Todos estes são fatores que contribuem para a manutenção da fertilidade e produtividade
nos solos agricultáveis. O cidadão comum ainda despreza os alarmes para o
aumento da temperatura, os eventos climáticos extremos, a escassez de água
potável, a subida do nível dos mares, a extinção de espécies, a exaustão dos
solos... Tudo a indicar que estamos a comprometer, para um futuro cada vez mais
próximo, a vida no planeta.
A capela de Vila Velha é, do ponto de
vista ecológico, um erro como todos os outros, cometidos pela incompreensão da
função ambiental das UCs. A diferença é que, se os outros erros eram movidos
por conveniências de alimentação, lazer e comércio, a capela o foi pela fé
cristã. É preciso debater mesmo questões de fé. Nossa civilização é antropocêntrica,
ou melhor, androcêntrica: endeusamos o ponto de vista humano masculino,
subestimamos a natureza e o feminino. Não aprendemos ainda a lidar com a Mãe
Terra, a Pacha Mama dos povos originário sul-americanos.
Com a radical transformação e degradação
do meio natural na região de entorno, o PEVV passou a funcionar como um
santuário vivo da biodiversidade. É muito mais que um templo! O Parque
contribui para a preservação das espécies e mecanismos naturais que tentam
compensar o impacto da ocupação humana. E é um símbolo do esforço para
passarmos de um mundo androcêntrico para outro, que equilibre natureza e
sociedade, o furor masculino e o amor feminino.
A discussão do tombamento da capela e seu
significado como patrimônio cultural não pode ignorar o significado do
patrimônio natural representado pelo PEVV.
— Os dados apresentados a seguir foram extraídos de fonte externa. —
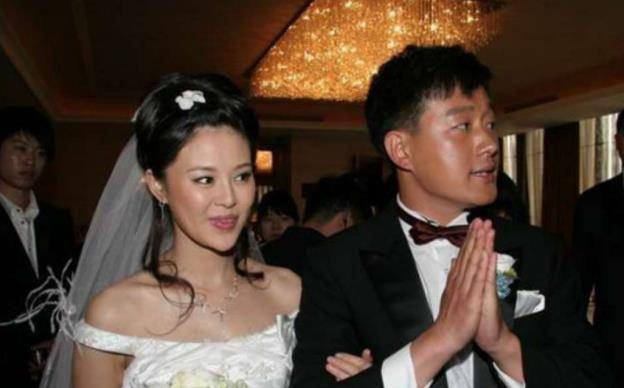 "过气男星"佟大为:照顾植物人父亲三十年,把妻子关悦宠成宝_时候_姐姐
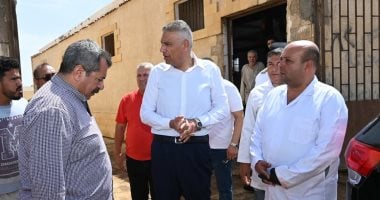 محافظ جنوب سيناء يتفقد الرويسات ويوجه بغلق مجزر شرم الشيخ بعد عيد الأضحى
Este comentário foi removido pelo autor.
ResponderExcluirBeleza de texto. Muito bom. Professor precisamos investir fortemente no ensino básico e fundamental.
ResponderExcluirBom dia !
ResponderExcluirComo havia mencionado não conheço o local, mas fica óbvio pelo teor do texto que é de muita importância tanto historicamente, qto sobre a depredação que causaram ao construi-lo.
Pelo que soube irão decidir nós próximos dias se tombam ou não a igreja ou capela.
A minha opinião é pelo tombamento da capela.. Pelas lembranças ali vividas pelos moradores e turistas.
Mas fico feliz por perceber que a preservação ambiental começa , depois de setenta anos , a ser vista como prioridade.
Bem oportuno o teu texto. Esta semana a temperatura da Terra foi a maior dos últimos 1.000 anos. Estamos abrindo a nossa própria cova.
ResponderExcluirObrigada, Mário pela oportunidade de compreender melhor do que se trata a questão sobre a conservação da natureza! Tua pena possibilita a quem insiste em saber, a renúncia do desejo regressivo da onipotência. Parabéns!!!!
ResponderExcluirBela reflexão!!!
ResponderExcluirSempre haverá um ponto de divergência quando entram em jogo duas importâncias, como o meio ambiente e o patrimônio histórico e cultural. Creio que a convergência deve aparecer em um debate franco, começando por avaliar-se o tamanho do impacto ao meio ambiente que a permanência ou a demolição de uma estrutura, que, embora não devesse estar, ali está. Será uma pena se o debate ficar no raso de outros interesses, usando essas importâncias como escudo.